In days gone by, local barber shops were not only a place where hair was cut and shaves were given, but they were also a gathering spot for those who were seeking the local news, interested in gossip, wishing to regale others with tall tales about hunting or fishing and anyone interested in listening to stories about the good ole days. Since 1982 Jack’s Barber Shop on Main Street Anderson, Missouri has been such a place.
One warm summer’s morning as I sat in Jack’s barber’s chair, and while he adroitly manipulated the clippers, scissors and straight razor, I asked Jack if he knew a story about the good-ole-days of yesteryear. The elderly cutter of hair said, “Well let me think”. He stood still for a moment and although his hands remained near the top of my head he was no longer removing strands of hair. “I’ve got one”, he said, and as he resumed the shaping of my hair, he began the story about a long ago business partnership and friendship between two longtime Anderson residents, Dave and Jerry.
Dave’s home was a small one room building that rested on ten acres of land located on the west side of Anderson. The interior had a cot, a wood burning stove and not much more. Not far from the house stood an outbuilding constructed of poles that supported a slanted tin roof. Sheets of tin were attached to two of the sides. This was Jerry’s home. The roof kept the rain and snow off of Jerry, but the wind still found its way in. Jerry was a large, but gentle, Percheron draft horse standing about seventeen hands in height.
Dave and Jerry’s necessaries were by no means excessive and the two earned enough to satisfy their needs by plowing and tilling the gardens of local Anderson residents. Many of the people living in the small Southwest Missouri Ozarks community grew their own produce and came to rely on Dave and Jerry.
Dave had a small wooden wagon with rubber tires that carried a plow and a harrow. The wagon’s mode of propulsion was Jerry and when it came time to pull the plow, the mode of propulsion was once again, Jerry. As the two traveled the roads, paved and unpaved, looking for gardens to till and prospective clients, it was not uncommon to see a procession of cars and trucks behind the wagon. Dave believed he had every right to travel the roads at the speed of a horse drawn wagon.
Dave was a rather ordinary looking man who was always dressed in overalls. The constant bulge of a chaw of Redman Tobacco caused his once taught cheek to become misshapen over the years and a portion of the ring finger on Dave’s left hand had been bitten off by a hungry hog at the age of ten while Dave reached through the fence of his father’s hog pen. Dave had a passion for chewing, and the missing portion of his appendage didn’t seem to bother him at all.
Dave lived a modest and somewhat Spartan lifestyle but there were concessions to be made.

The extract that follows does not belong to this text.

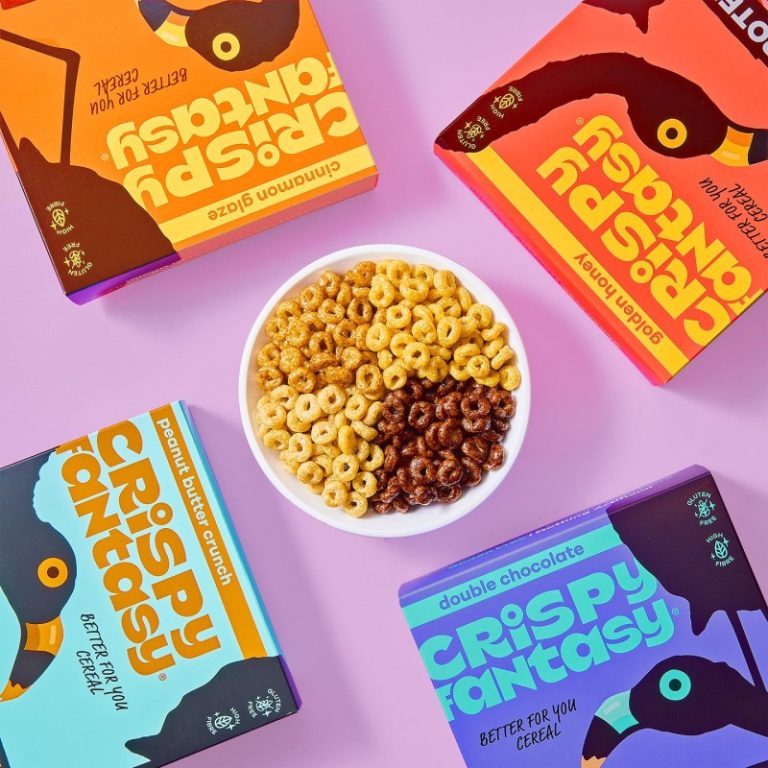 crispy fantasy cereal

Redman tobacco, an occasional bus ride to Noel for lunch and, after a hard day’s work, a stop at Hobbs Grocery located on the west side of Anderson. There Dave would leave the still Jerry hitched wagon alongside the store while he went inside for the day’s rewards, a bucket of water for the workhorse and two Oh Henry candy bars.

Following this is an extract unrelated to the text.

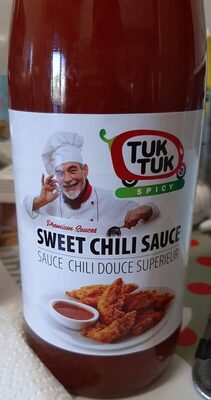 Sweet chili sauce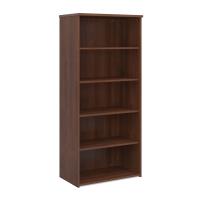 O/STYLE DELUXE BOOKCASE 1790MM WAL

The bucket of water was placed on the ground below Jerry. After Jerry quenched his thirst, Dave removed the wrapping from the two candy bars and while feeding one to the appreciative steed, enjoyed the second one himself. As the sun began to fall against the horizon, Dave sat leisurely atop the old wagon while Jerry, knowing full well the way, took the wagon and his business partner and friend home.
Jerry’s passing involuntarily dissolved the partnership, and friendship, many years ago and a picture of he, Dave and the wagon can be seen on a granite grave marker standing in a Tiff City cemetery. Dave left the small house several years ago for the care he now receives at a home for those who have left their independent living years behind. Dave, now in his nineties, finds that the dreadful fog of forgetfulness which often consumes the recollections of younger years within the minds of the elderly has clouded his memory.
Dave now spends his days relaxing in a chair on the front porch of his new home and, although it is discouraged, a large bulge may be observed in a cheek where a chaw of Redman Tobacco is enjoyed.
The building now occupied by Jack’s Barber Shop has been a continuously run barber shop for one hundred and fifteen years. The, now two chair shop, was once a four chair business and has had several owners throughout the years. Two long magazine and newspaper strewn benches occupy a place against a wall where waiting customers, and those just telling and listening to stories, can sit comfortably. The elder Jack has been cutting hair for more than fifty-one years and now shares the haircutting responsibilities, and the second chair, with a younger barber, Scott.
Dave was proud of his and Jerry’s work and after a garden was tilled he was known to say, “I did a pretty good job, didn’t I”.